Over the past year, the expectation that the Federal Reserve was on the cusp of raising its interest rate has roiled markets. The volatility among bond investors sparked a widening of yield spreads, culminating in an extreme expansion last week.
There are two main reasons for such a move. First is that higher lending rates result in costlier borrowing, which is a negative factor for higher risk companies. Below is a chart of iShares Barclays 3-7 Year Treasury Bond (NYSEARCA:IEI) over SPDR Barclays High Yield Bond (NYSEARCA:JNK). This indicator represents the yield spread between high yield credit, and U.S. Treasuries. When the indicator rises, it signals an expanding spread.
What can be derived from the chart is that credit markets have been in a cautious mood since the end of 2014. While U.S. lending rates are only now beginning to rise, the anticipation of tighter policy, beginning in 2014, sparked a selloff in high yielding assets. On top of that, debt prices of energy producers have been under pressure as oil prices crashed over the last year. With energy companies' potential inability to fulfill debt obligations, credit risk has spiked, also contributing in the selloff of high yielding debt.

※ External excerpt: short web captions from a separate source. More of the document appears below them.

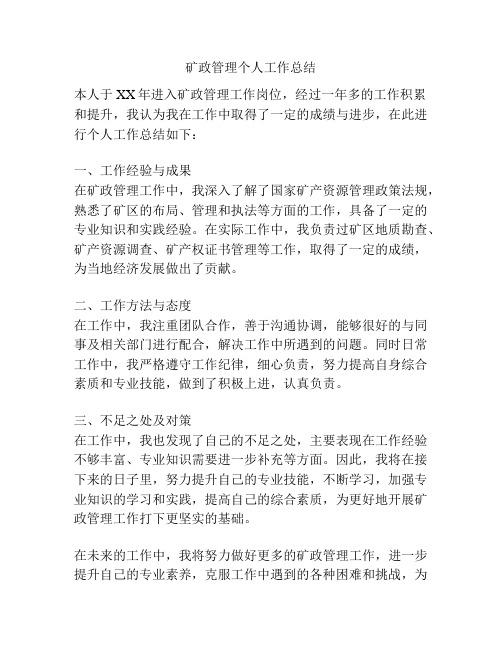 矿政管理个人工作总结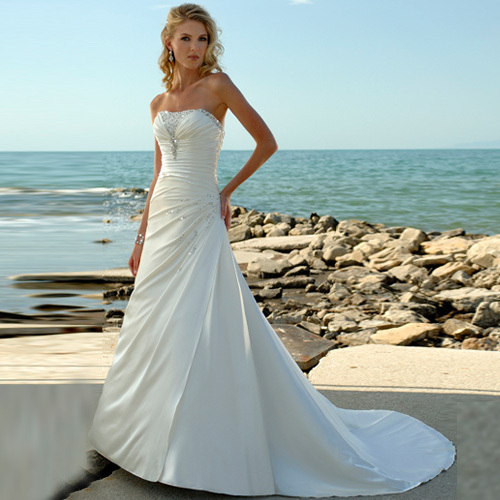 A Line Strapless Satin Beach Wedding Dresses With Beaded Details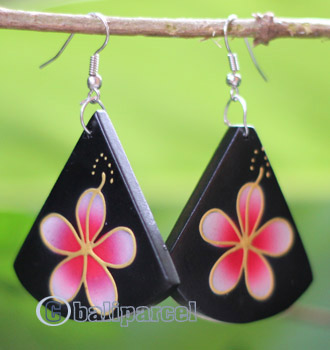 Wooden Earring, Made From Sono Wood With Painting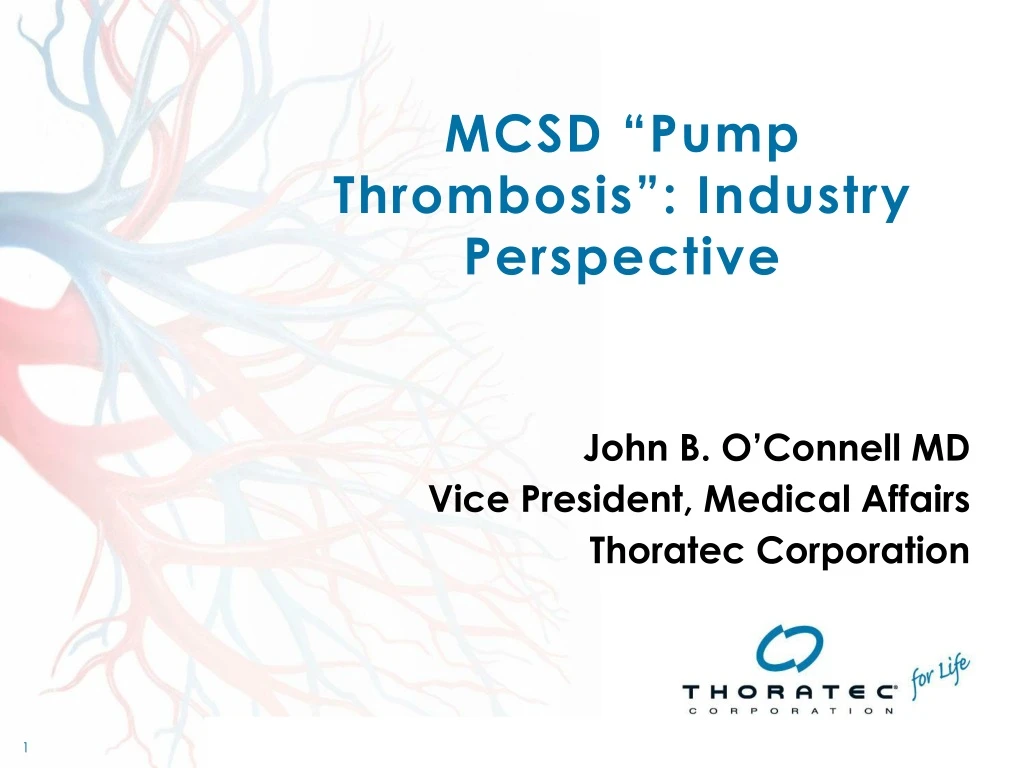 mcsd pump thrombosis industry perspective
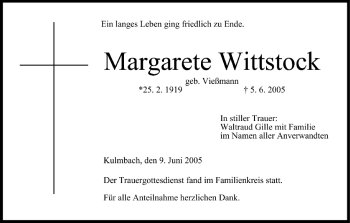 Anzeige von Margarete Wittstock von MGO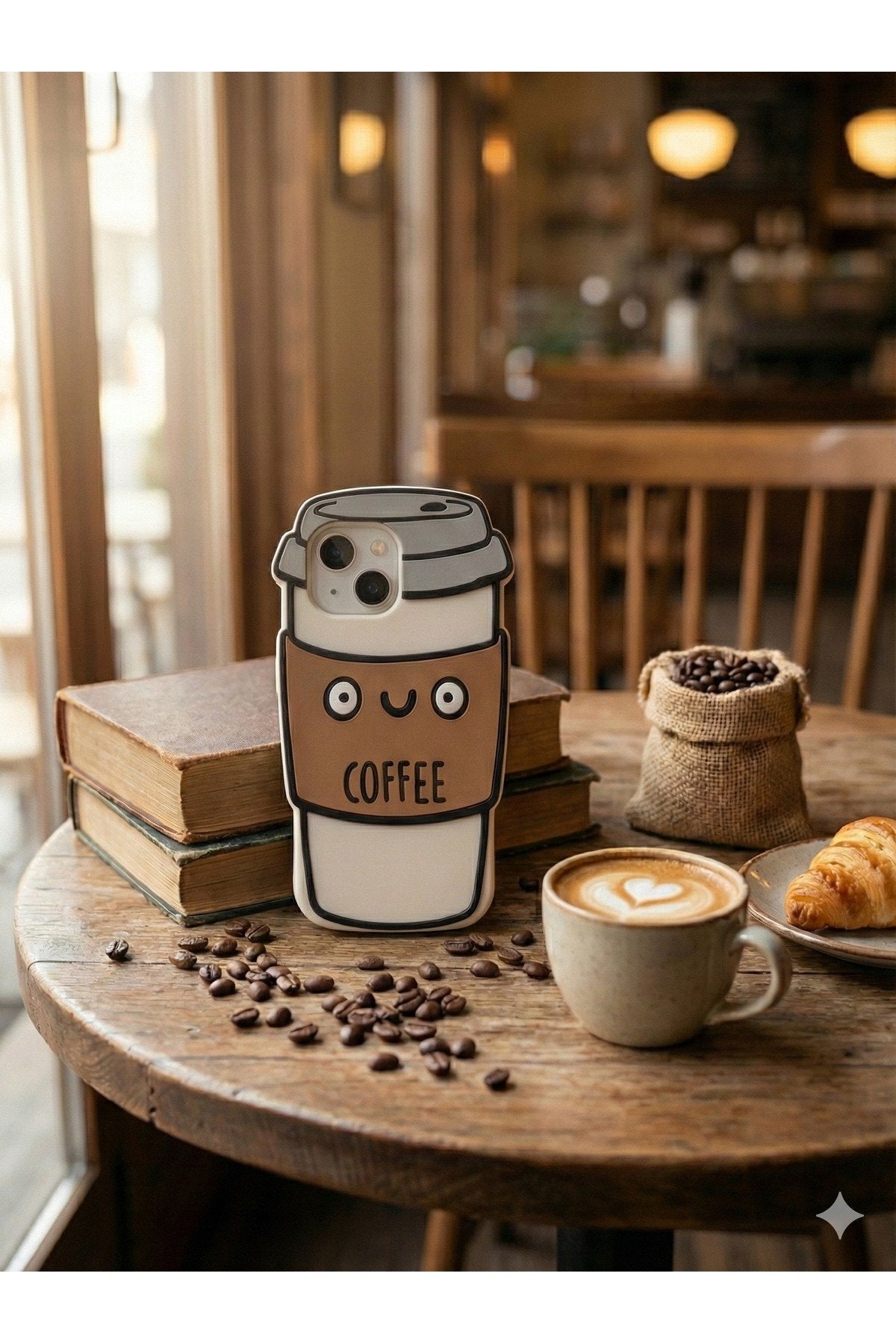 iPhone 15 Uyumlu Kahve Desenli Premium Darbe Koruyucu Coffee Telefon Kılıfı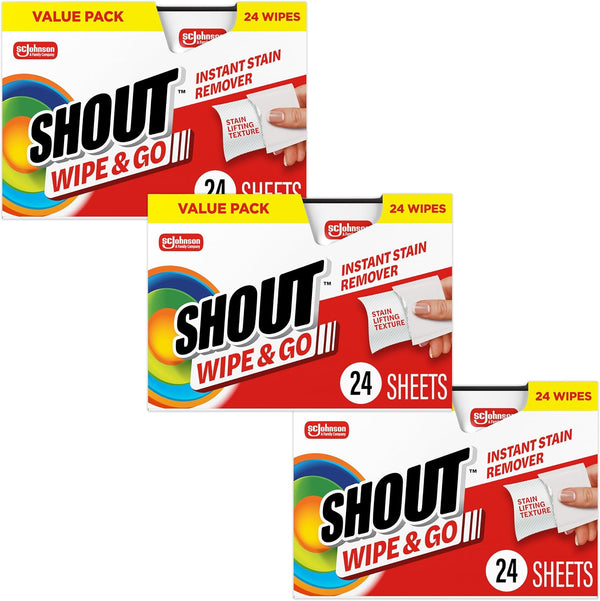 3-Pack 24-Ct Shout Portable Instant Stain Remover Wipes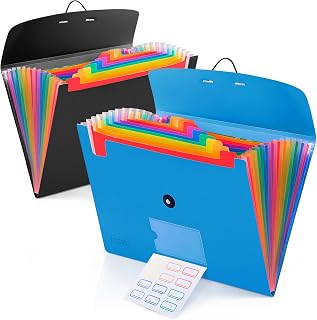13 Pocket Expanding File Folder Accordian File Organizer, A4 Letter Size Paper Document Receipt Holder for School Office Supplies, Black&Blue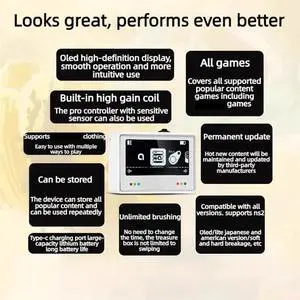 Emulator for Switch Switch2 Smart Simulator Bluetooth-for Gaming Accessory,NFC Simulator,Game Console Adapter Black Emulator for Switch Switch2 Smart Simulator Bluetooth-for Gaming Accessory,NFC Simulator,Game Console Adapter Black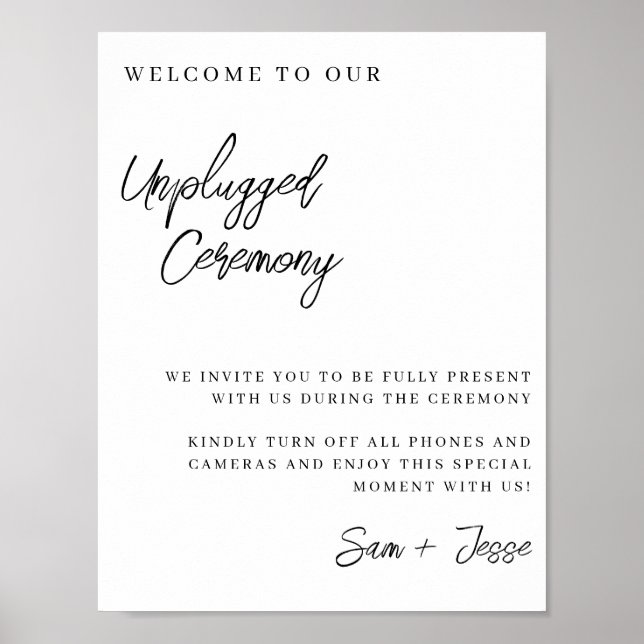 Póster Rótulo de la ceremonia Boda desconectada (Frente)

Furthermore, along the lines of both lower commodity prices, and tighter monetary policy in the U.S., emerging market debt prices have similarly declined. The chart below is of iShares Barclays 3-7 Year Treasury Bond over iShares JPMorgan USD Emerging Markets Bond (NYSEARCA:EMB). When the indicator rises, it signals the yield spread between emerging market debt and Treasuries is widening. In 2011, emerging market assets declined as the global economy faced a double-dip slowdown in the years following the financial crisis. This led to a spike higher in credit yields. This time around, however, the rise in yields looks to be more permanent. Commodity prices have collapsed in the past year, diminishing growth prospects for many emerging market economies that are reliant on commodity production. This is leading to ever increasing debt to GDP ratios, raising credit risk.

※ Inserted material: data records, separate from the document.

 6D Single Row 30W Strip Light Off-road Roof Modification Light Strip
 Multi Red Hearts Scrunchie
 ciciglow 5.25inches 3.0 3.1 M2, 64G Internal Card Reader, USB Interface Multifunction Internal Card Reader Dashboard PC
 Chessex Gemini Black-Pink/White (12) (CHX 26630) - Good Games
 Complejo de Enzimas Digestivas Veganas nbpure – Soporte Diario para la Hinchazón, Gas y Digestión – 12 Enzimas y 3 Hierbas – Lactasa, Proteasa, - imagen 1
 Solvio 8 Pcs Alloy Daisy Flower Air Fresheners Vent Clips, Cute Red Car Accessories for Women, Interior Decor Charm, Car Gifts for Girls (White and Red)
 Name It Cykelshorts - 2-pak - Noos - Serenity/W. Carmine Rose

Additionally, the stronger U.S. dollar and higher lending rates are making borrowing for emerging markets more difficult, especially for those countries looking to tap into developed economies credit markets.
The confluence of factors weighing on both high yield and emerging market debt is the reason for heightened volatility among global financial markets. The reasons for such volatility look to last for at least the next year, meaning the current trend in credit markets looks to remain intact. For this reason, expect credit markets to remain weak, making them unattractive investing opportunities. While both EMB and JNK have already fallen considerably in recent months, there may still be downside left, making both assets attractive short positions to hold over the next year.